Are we in a fourth great awakening? That's a matter of interpretation.

Some contend that we are. Of course to make that argument, those who do, describe it as an awakening beyond belief. It's all about Christianity after religion:

  • Spiritual awareness without an evangelical or evangelistic dimension
  • A much bigger movement without theological content (the code-word used here is "dogmatism")
  • A movement that is experiential, practice-centered, interfaith, and interreligious

How is this trend different from the rest of American history—before and after the high-tide denominationalism of the '50s and '60s? I'm at a loss to say.

It is certainly a phenomenon that is fueled by online interaction and a technological interface that makes it "feel" more like one giant conversation. And, to be sure, the infrastructure of that conversation itself involves more people than earlier awakenings.

But in a number of other ways—which some of its advocates admit—this is hardly the same kind of awakening as we have had in the past. It is not just lacking an evangelical or evangelistic focus. It also lacks a single, communal focus of any kind. It is broad-based, but it is not (per capita) on the scale of past awakenings. And it eschews theology in favor of experience.

Fair enough. To a point, this is good news. Don't despair. People are on the move spiritually. They are exploring. They are engaged. Drop the gloom and doom. Grieve the '60s and get on with it already.

But it is also fair to infer that that the contemporary phenomenon is nothing more than the same divergent, spiritual exploration that has always been the American norm—this time on electronic steroids. And minimization of a theological focus in favor of an experiential focus may describe the way things are unfolding, but that's hardly good news. To say anything about our spiritual experience is to say something theological and the fact that those experiences are private, individualistic, and eclectic simply underlines the problem.

In that regard, those who now want to call this a fourth great awakening are simply repackaging what Elizabeth Lesser described some time ago as the "new" American spirituality—the invitation, as Lesser describes it, "to string a necklace all your own"—a world in which you are your own best spiritual authority. It is, nonetheless, a world in which there are theological assumptions at work. They are simply unacknowledged.

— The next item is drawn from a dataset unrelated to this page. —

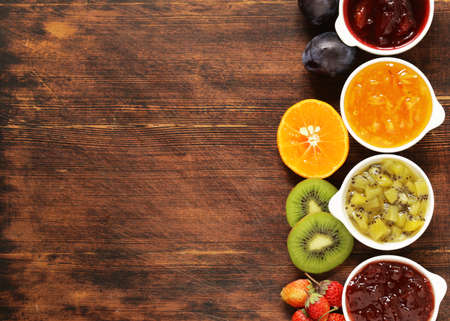 Assorted berries and fruit jams. Homemade canning. Fresh berries and fruitsの写真素材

When we realize that is what is in the offing, it also becomes clear that the fourth American spiritual awakening (if that is what it is) is different from the first three in another way. It is no longer an awakening to something outside of ourselves. It is an awakening to ourselves—to our own choices—to our own freedom—to the God of our own making—the Tower of Babel—with Wifi. What a let down.

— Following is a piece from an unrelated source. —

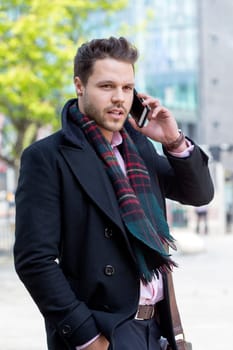 Business man in the city. He is formally dressed and is talking to someone on his smartphone.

So, what do we do? Circle the wagons? Call in the casuists? Lay down the law? No, that's what made the Tower so attractive to begin with.

What we can do, however, is be passionate about introducing others to the Christ—to a relationship—to a living journey—a journey that begins now and continues into the future. But to do that, you do need to name God and find people to help you on the way.

The Christian pilgrimage is about a love affair. And if you say to your lover, "I really love you. I want to be with you. I would sacrifice my life for you. But I'm not really sure about you and I only, kind of, sort of, want to love you with a respectable measure of intellectual reserve . . ." Well, what do you think are the odds that torrid love affair will get off the ground?

Pitting fundamentalism against an experiential journey into God presents us with a false dichotomy. There is no awakening beyond belief; and there is no belief worth subscribing to that is not attended by an awakening.